**Your instructions**
For the entries below, print exactly the lines between the line holding "Stamped color concrete" and the line holding "Activist holds a", inclusive, and nothing else.

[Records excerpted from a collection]
──────

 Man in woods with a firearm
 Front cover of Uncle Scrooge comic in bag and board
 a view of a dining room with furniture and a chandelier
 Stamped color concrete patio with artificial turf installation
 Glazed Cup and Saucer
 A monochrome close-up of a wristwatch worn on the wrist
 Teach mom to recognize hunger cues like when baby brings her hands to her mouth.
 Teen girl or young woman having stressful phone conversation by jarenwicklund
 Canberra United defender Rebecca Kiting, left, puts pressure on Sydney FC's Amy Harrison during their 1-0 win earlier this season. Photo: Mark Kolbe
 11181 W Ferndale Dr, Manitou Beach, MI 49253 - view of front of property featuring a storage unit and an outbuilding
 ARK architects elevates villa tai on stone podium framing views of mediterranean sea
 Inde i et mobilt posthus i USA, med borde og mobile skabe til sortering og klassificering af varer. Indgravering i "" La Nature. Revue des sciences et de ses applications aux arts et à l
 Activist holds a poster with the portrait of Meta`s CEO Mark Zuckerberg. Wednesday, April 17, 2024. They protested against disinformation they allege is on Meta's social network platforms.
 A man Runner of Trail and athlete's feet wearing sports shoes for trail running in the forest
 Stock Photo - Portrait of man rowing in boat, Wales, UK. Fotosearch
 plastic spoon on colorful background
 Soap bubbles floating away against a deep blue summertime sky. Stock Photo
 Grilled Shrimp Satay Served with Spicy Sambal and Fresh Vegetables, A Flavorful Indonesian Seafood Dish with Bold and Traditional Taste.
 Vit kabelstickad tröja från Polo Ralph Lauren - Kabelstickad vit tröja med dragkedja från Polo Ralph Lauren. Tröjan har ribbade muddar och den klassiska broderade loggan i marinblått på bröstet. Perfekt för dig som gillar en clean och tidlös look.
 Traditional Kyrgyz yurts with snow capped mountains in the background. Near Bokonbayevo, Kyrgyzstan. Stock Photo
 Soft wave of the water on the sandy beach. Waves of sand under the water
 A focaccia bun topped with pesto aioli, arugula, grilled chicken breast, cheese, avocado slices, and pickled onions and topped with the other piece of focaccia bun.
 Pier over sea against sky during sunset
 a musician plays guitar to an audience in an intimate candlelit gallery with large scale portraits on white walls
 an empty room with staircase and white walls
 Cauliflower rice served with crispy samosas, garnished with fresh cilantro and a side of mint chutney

──────

**Response to this task**
 Stamped color concrete patio with artificial turf installation
 Glazed Cup and Saucer
 A monochrome close-up of a wristwatch worn on the wrist
 Teach mom to recognize hunger cues like when baby brings her hands to her mouth.
 Teen girl or young woman having stressful phone conversation by jarenwicklund
 Canberra United defender Rebecca Kiting, left, puts pressure on Sydney FC's Amy Harrison during their 1-0 win earlier this season. Photo: Mark Kolbe
 11181 W Ferndale Dr, Manitou Beach, MI 49253 - view of front of property featuring a storage unit and an outbuilding
 ARK architects elevates villa tai on stone podium framing views of mediterranean sea
 Inde i et mobilt posthus i USA, med borde og mobile skabe til sortering og klassificering af varer. Indgravering i "" La Nature. Revue des sciences et de ses applications aux arts et à l
 Activist holds a poster with the portrait of Meta`s CEO Mark Zuckerberg. Wednesday, April 17, 2024. They protested against disinformation they allege is on Meta's social network platforms.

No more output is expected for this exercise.